Personal predictive models for disease development play important roles in chronic disease prevention. The performance of these models is evaluated by applying them to the baseline covariates of participants in external cohort studies, with model predictions compared to subjects’ subsequent disease incidence. However the covariate distribution among participants in a validation cohort may differ from that of the population for which the model will be used. Since estimates of predictive model performance depend on the distribution of covariates among the subjects to which it is applied, such differences can cause misleading estimates of model performance in the target population. We propose a method for addressing this problem by weighting the cohort subjects to make their covariate distribution better match that of the target population. Simulations show that the method provides accurate estimates of model performance in the target population, while un-weighted estimates may not. We illustrate the method by applying it to evaluate an ovarian cancer prediction model targeted to US women, using cohort data from participants in the California Teachers Study. The methods can be implemented using open-source code for public use as the R-package RMAP (Risk Model Assessment Package) available at .

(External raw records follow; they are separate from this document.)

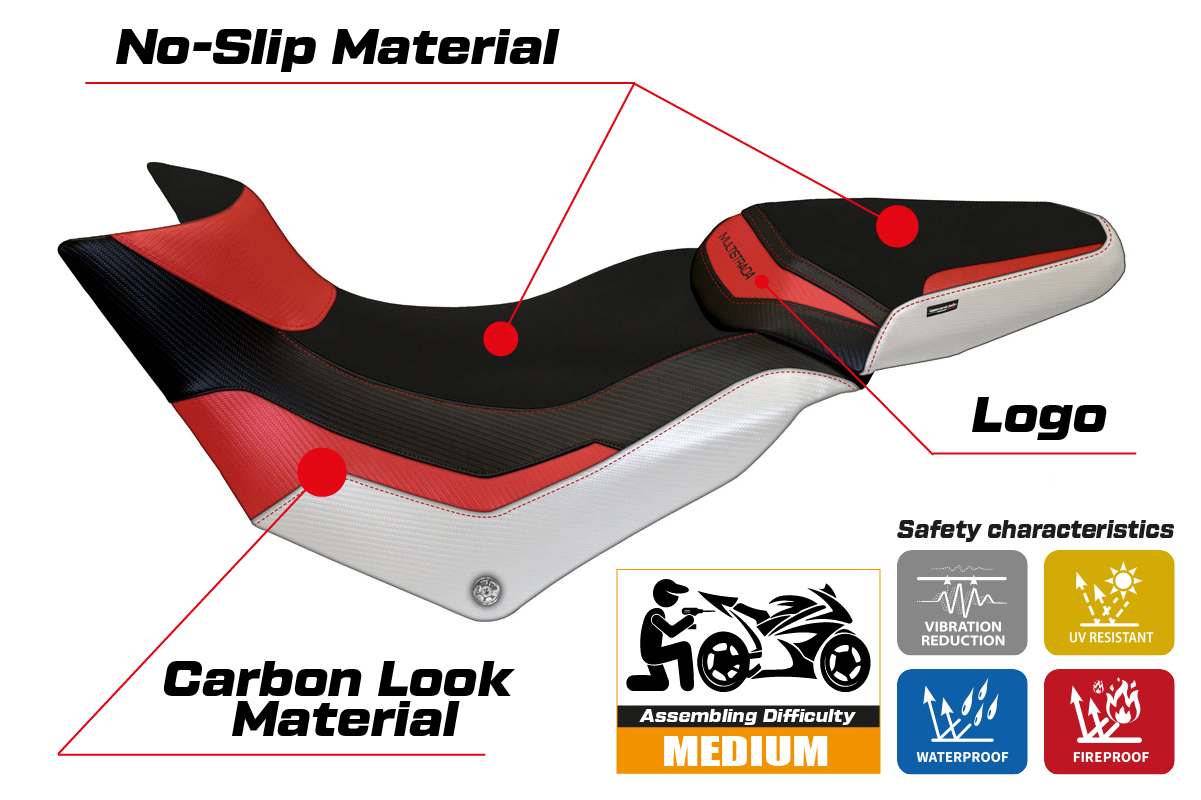 Yhteensopiva istuinpäällinen - Ducati Multistrada 950 2017-2021 - mod Praga Special Color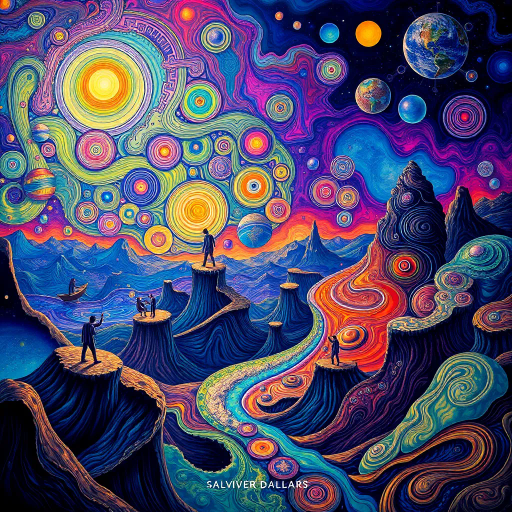 surreal dreamscape, intricate patterns, Salvador Dali, luminous lighting, ethereal ambiance, vivid palette, swirling forms, imaginative landscapes, abstract figures, dreamlike atmosphere, reflective surfaces, flowing textures, dynamic movement, mystical symbolism, infinite space, whimsical elements, vibrant expressions, imaginative worlds, hyper-detailed, otherworldly landscapes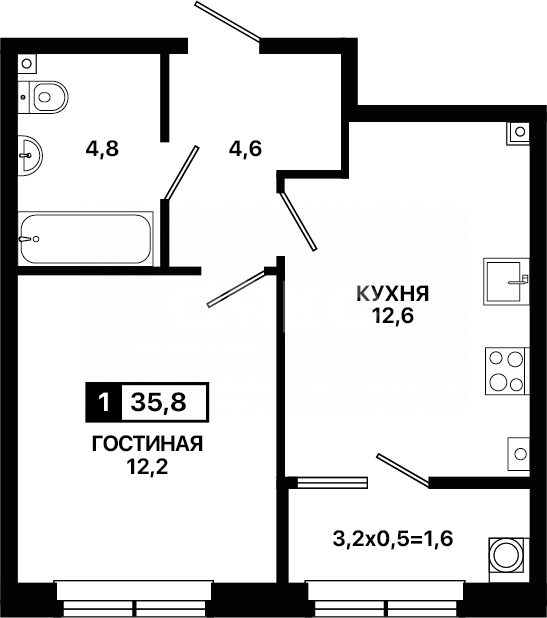 Фото №1: 1-комнатная квартира 35 м² - Мариуполь, р. Жовтневый, ул. Административная площадь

机译:疾病发展的个人预测模型在慢性疾病预防中发挥重要作用。通过将这些模型应用于外部队列研究参与者的基线协变量来评估这些模型的性能,并将模型预测与受试者随后的疾病发生率进行比较。但是,验证队列中参与者之间的协变量分布可能与将使用该模型的人群的协变量分布不同。由于预测模型性能的评估取决于协变量在应用该模型的受试者之间的分布,因此这种差异会导致目标人群中模型性能的误导性估计。我们提出了一种通过加权同类受试者以使其协变量分布更好地匹配目标人群的方法来解决此问题的方法。仿真表明,该方法提供了目标人群中模型性能的准确估计,而未加权的估计则可能没有。我们通过使用来自加州教师研究参与者的队列数据,通过将其应用于评估针对美国女性的卵巢癌预测模型来说明该方法。可以使用公开代码作为R包RMAP(风险模型评估包)(可从处获得)来实现这些方法,以供公众使用。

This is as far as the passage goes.